— What needs to be done —
Please output the line containing "Eliise online show" and all lines that follow it in the data below, exactly, with no pictures.

Start of Given information

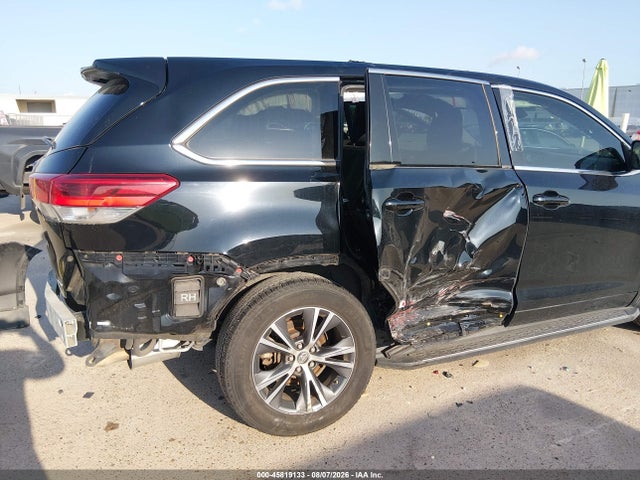 45819133 :رقم المزاد ، 5TDBZRFH1HS409021 vin ، 2017 Toyota Highlander Le مزاد بيع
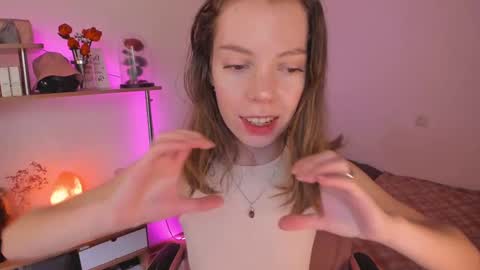 Eliise online show from March 10, 2025, 9:21 am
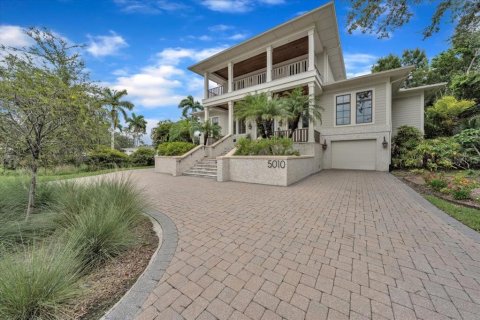 House in Tampa, Florida 5 bedrooms, 380.25 sq.m. № 1837597 - photo 6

End of Given information

— Task answer —
 Eliise online show from March 10, 2025, 9:21 am
 House in Tampa, Florida 5 bedrooms, 380.25 sq.m. № 1837597 - photo 6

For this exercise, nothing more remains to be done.